We know from the above analysis that landlords are not allowed to sell kilowatt-hours directly to renters without achieving full compliance as an electric company, a very big lift for even the largest landlords. So what can a landlord do?

Assuming the landlord has separately metered each unit and drafted a rental agreement specifying how electricity is to be charged, a Massachusetts landlord can charge for or monetize solar in the following ways:

Method 1a: “Electrical Included”

Include electrical in the rent. Set base rent higher to account for expected usage. Keep the meters in your own name. Use Schedule Z to credit each meter equally. Because you are keeping the meters in your own name year after year, there is little risk that credits will be assigned to a unit and remain unused. It will all average out over the next 20 years, or if it doesn’t, you can adjust Schedule Z for yourself. Monitor each renter meter for usage. Exceeding “reasonable” usage would be specified as grounds for termination.

Pros: This method conserves credits and earns higher base rent. There is no ongoing administration beyond the initial setup.

Cons: Renters have little incentive to conserve electricity. The nearly-prohibitive cost of an eviction means that enforcing the “reasonable usage” clause would only happen for egregious abuse of electricity.

Method 1b: “Electrical Included. Conservation Credit Applies.”

Use the Method One metering arrangement. The rental agreement will include electricity in the rent. You will increase the base rent to account for what you think of as the "worst case" electrical consumption for that unit. Each month, you credit the renter for their conservation. For instance:

  • You want to get $1,500 for the apartment.
  • You assume the "worst case" electricity bill will be $200/mo in the summer with air conditioners.
  • You set the base rent at $1,700 with electricity included.
  • The bill for the unit after your solar credits comes in at $50.
  • You credit the renter a $150 "conservation credit" that month.
  • The renter is happy to pay less rent than expected.
  • You are happy because you got your asking rent.
  • The renter effectively paid for the electricity.

Pros: It is much easier to over-collect and refund a renter than to charge utilities separately. This fixes the Method One "con" by creating an incentive to conserve.

Cons: Landlords have ongoing administrative work to track and enter credits. A renter who repeatedly overconsumes will cause you to earn less than planned until the next tenancy renewal, at which time you must increase their rent to cover their average consumption.

Method Two: “Up to X kW-hr of Electrical Included”
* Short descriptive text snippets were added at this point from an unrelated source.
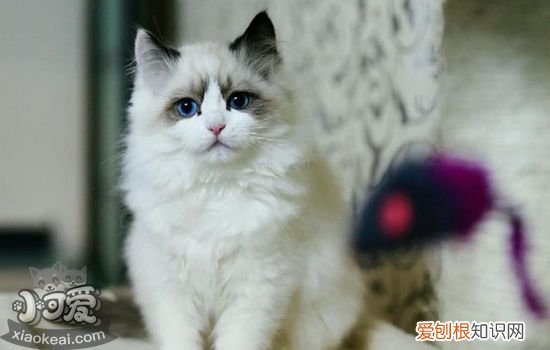 猫不打疫苗可以吗,猫可以不打疫苗吗,猫不打疫苗会怎么样，不给猫打疫苗可以吗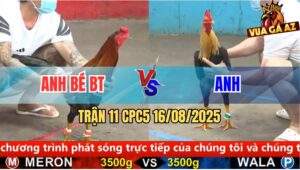 Trận 11 CPC5 Ngày 16/08/2025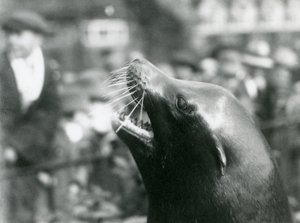1924年10月、ロンドン動物園でのカリフォルニアアシカ 作： Frederick William Bond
Use the Method One metering arrangement. Instead of the rental agreement specifying unlimited usage, the rental agreement will permit electricity to be used by each unit up to a cap, defined in kilowatt-hours per month. Beyond that amount, the landlord requires reimbursement from the renter. In this case, the electric company is the one charging per the kilowatt-hour. The landlord is not setting kW-hr prices or acting as an electric company. The rental agreement would say that failure to reimburse the owner for electrical overage would be grounds for termination.

Pros: This method conserves credits and earns higher base rent. Renters have some incentive to conserve.

Cons: Renters have little incentive to conserve electricity below their cap. Landlords have ongoing administrative work to collect reimbursements, as they would with water submetering.

Method Three: “Long-term Residents Get a Solar Benefit”

Use a standard “renters pay” metering arrangement, with renters starting and stopping service on their own and putting accounts in their own names. Have the rental agreement say that renters will pay for electricity, can submit their account number to the landlord, and will receive solar credits starting in about six months. As the landlord, you will need to complete a new Schedule Z, but since the state requires utilities to take new Schedule Z’s at most twice per year, it may be up to six months before your new renters can be onboarded. In the meantime, renters will incur their full electricity bill. Also, you will make no assurances that the solar credits will be meaningful. You will just assign them proportional to each unit and let the utility company do the work.

Pros: This method encourages longer-term residents and earns higher base rent.

Cons: Credits will be wasted if any remain on a renter’s account when they move out. Credits may be under-assigned for up to six months after each vacancy, leaving new renters disappointed.

Method Four: Bypass the Renters

Use a standard “renters pay” metering arrangement and don’t mention solar in your marketing, as renters will receive no benefit. Sell electricity directly to the grid under the SMART standalone wholesale arrangement.

Pros: This is a separate revenue stream that can be managed without renter involvement or landlord-tenant implications.

Cons: Wholesale rates are much less beneficial than retail rates, so the benefit to you and renters is diluted/nonexistent. This method is not often used on buildings that have electricity demand that can be offset at retail rates.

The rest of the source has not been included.